Desde pequeña mi madre tejía mi pelo, afinaba mi cabello con aceites y cepillos todos los días, con dos trenzas me llevaba a la escuela, a donde las tías, amigas y fiestas del colegio. Si se me paraba un pelo corría a ponerlo en su lugar; no valía un despeluque, una trenza mal parqueada ni un pelo mal puesto. “Bien presentada hija debes estar” decía mi mamá, aunque mis ojos tensos se veían y la cabeza me dolía. Yo quería hacerme mil peinados: que la moña de caballo, peinarme como Pocahontas pero esto no valía. Mi mamá solo decía que "tu pelo no da, niña mía".

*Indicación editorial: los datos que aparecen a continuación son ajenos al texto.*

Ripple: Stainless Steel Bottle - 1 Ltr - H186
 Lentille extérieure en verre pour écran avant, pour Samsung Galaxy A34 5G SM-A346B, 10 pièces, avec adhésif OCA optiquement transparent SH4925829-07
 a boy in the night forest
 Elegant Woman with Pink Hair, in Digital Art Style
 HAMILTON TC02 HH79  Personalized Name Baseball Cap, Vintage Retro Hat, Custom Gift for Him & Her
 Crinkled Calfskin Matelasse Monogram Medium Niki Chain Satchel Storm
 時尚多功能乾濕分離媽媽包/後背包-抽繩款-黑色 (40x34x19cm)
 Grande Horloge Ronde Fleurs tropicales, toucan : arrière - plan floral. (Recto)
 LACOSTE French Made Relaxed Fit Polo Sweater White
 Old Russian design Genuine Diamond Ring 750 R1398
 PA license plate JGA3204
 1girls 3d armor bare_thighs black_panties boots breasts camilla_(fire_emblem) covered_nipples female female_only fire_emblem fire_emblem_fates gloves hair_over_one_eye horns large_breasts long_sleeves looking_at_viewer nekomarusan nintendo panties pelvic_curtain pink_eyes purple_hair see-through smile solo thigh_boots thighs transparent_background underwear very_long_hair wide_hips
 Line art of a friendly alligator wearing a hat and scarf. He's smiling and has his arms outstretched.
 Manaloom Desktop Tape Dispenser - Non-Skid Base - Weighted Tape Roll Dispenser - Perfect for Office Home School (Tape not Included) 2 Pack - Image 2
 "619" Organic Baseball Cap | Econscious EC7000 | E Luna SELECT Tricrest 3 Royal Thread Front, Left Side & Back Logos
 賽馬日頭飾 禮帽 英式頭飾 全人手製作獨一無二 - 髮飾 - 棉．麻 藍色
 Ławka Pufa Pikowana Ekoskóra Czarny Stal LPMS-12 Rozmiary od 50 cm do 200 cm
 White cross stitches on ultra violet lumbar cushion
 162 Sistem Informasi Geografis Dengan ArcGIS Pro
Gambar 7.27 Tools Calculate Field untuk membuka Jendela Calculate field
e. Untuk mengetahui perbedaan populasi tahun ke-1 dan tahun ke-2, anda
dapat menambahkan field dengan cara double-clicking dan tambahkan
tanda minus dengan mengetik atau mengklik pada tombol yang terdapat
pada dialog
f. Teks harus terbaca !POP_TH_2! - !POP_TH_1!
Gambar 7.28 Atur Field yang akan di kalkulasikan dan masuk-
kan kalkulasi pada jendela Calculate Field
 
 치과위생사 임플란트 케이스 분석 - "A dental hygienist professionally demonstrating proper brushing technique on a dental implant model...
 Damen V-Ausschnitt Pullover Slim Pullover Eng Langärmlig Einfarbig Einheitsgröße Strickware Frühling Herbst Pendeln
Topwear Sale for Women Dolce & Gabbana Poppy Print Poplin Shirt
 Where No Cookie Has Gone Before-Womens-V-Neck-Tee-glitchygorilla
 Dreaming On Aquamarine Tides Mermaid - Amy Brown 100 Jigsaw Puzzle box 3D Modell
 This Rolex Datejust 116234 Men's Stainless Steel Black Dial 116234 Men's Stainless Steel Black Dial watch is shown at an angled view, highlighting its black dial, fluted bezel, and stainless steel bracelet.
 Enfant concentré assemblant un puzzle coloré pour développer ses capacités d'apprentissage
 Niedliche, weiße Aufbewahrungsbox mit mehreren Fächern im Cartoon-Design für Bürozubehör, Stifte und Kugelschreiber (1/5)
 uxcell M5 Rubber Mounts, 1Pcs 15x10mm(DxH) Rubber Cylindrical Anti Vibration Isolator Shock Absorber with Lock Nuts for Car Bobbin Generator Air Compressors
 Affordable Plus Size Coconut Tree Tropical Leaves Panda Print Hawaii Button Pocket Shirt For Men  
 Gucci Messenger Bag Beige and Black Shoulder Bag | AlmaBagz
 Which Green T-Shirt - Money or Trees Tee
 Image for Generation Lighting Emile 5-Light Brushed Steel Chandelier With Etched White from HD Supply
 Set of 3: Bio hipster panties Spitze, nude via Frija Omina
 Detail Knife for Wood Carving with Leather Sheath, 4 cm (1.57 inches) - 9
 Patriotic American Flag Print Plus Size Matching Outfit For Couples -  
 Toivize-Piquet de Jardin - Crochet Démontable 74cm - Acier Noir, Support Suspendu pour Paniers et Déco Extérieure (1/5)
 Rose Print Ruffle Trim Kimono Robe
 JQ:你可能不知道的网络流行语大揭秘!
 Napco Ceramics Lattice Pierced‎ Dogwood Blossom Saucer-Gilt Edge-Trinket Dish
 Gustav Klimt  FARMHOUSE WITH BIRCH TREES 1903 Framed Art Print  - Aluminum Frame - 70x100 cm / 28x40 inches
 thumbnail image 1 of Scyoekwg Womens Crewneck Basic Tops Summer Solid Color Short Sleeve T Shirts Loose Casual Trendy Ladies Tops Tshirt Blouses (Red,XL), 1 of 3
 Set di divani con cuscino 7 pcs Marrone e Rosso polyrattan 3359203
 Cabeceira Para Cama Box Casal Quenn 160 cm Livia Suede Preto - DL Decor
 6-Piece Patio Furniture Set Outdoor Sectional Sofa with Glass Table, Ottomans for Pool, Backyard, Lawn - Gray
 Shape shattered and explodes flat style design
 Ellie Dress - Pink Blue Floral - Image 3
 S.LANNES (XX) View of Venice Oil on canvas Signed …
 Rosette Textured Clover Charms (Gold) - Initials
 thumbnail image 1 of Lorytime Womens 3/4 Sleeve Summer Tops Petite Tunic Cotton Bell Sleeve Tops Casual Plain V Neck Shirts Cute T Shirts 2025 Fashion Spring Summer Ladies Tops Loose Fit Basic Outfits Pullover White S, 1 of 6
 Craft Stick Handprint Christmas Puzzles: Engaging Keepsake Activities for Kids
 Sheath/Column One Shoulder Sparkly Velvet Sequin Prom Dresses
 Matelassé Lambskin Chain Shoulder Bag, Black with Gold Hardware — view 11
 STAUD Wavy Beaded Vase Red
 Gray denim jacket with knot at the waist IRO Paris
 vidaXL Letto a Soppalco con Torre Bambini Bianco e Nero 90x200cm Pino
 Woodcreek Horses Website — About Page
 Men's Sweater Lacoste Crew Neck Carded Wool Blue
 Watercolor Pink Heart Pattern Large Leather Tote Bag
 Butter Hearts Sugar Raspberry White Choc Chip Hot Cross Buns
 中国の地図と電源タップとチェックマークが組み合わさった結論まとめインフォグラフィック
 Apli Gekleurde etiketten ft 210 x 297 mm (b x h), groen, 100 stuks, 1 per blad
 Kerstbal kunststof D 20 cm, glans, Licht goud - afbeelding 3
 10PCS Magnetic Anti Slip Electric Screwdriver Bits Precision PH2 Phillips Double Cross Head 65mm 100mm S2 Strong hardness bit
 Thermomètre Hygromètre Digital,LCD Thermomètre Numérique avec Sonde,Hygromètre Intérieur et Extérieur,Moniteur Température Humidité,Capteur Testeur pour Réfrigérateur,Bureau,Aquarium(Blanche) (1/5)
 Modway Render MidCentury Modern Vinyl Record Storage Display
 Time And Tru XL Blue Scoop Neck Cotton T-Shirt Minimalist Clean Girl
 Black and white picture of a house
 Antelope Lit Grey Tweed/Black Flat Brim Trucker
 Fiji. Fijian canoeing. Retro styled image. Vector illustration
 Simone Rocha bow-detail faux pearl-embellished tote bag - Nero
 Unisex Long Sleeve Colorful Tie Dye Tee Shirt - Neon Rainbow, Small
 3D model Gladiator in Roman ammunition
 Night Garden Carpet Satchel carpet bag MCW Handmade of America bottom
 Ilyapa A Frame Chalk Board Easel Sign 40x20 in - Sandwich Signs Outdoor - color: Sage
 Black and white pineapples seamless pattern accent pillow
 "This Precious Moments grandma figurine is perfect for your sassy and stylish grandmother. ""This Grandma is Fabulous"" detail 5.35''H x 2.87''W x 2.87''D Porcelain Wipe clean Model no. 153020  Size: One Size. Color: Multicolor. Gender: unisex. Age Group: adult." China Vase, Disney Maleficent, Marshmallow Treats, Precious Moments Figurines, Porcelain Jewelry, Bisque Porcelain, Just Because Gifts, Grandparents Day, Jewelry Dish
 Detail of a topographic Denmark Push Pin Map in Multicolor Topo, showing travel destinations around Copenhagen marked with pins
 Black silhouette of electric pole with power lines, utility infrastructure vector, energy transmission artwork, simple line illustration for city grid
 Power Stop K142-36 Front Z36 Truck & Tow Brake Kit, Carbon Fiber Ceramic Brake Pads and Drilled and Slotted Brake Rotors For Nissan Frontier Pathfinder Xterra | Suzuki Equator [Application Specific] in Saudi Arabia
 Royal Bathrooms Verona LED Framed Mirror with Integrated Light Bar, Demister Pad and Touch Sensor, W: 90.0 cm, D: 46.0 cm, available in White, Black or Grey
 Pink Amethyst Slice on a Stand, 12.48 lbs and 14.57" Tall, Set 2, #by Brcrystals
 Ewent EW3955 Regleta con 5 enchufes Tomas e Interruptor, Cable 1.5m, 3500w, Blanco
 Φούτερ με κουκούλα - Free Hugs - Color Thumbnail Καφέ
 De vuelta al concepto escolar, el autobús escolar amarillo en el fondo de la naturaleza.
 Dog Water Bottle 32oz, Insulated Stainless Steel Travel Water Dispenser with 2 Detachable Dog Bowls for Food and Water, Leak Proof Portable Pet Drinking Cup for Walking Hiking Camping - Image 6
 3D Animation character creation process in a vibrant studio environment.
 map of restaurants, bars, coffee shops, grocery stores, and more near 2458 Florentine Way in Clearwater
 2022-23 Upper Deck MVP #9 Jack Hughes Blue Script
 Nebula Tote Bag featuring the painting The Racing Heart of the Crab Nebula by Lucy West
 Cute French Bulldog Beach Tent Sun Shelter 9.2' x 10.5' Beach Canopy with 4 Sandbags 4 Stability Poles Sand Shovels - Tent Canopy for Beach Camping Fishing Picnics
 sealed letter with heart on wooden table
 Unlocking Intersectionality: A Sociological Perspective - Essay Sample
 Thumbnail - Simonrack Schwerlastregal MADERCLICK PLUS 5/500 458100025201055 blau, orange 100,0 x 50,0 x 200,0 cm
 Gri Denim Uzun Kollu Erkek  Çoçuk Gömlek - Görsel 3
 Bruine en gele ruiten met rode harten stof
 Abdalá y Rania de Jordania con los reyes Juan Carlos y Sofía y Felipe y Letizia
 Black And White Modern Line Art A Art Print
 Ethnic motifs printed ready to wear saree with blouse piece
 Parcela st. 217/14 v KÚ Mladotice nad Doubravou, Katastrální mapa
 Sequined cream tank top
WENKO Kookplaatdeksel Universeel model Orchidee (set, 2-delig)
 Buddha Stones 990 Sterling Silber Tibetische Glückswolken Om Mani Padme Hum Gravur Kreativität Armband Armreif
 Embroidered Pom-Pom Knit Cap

Cuando tenía 15 años solté por primera vez mis trenzas, cogí los aceites, cepillos y moñas que encontré y a la mierda fueron a parar. Me miré en el espejo y vi que ningún crespo coincidía, no cuadraba, no me veía presentada como me habían enseñado. Esto estaba complicado: no me veía “peinada” realmente era un total despeluque.
Tímidamente salí de mi habitación, busqué la aprobación de mis hermanas, no me miraron ni siquiera, abrí la puerta de mi casa y decidí salir a la calle. Aquí fue mi encuentro con las miradas, las risas, los señalamientos, los comentarios, las aprobaciones, los halagos y las confrontaciones.
Con el primer paso afuera de mi casa con mis crespos descuadrados, dejé atrás los comentarios los tirones de cabello, los cepillos y mis ojos tensionados. Ahora voy a todo lado con mi cabello despeinado, un poco enredado pero muy bien presentado.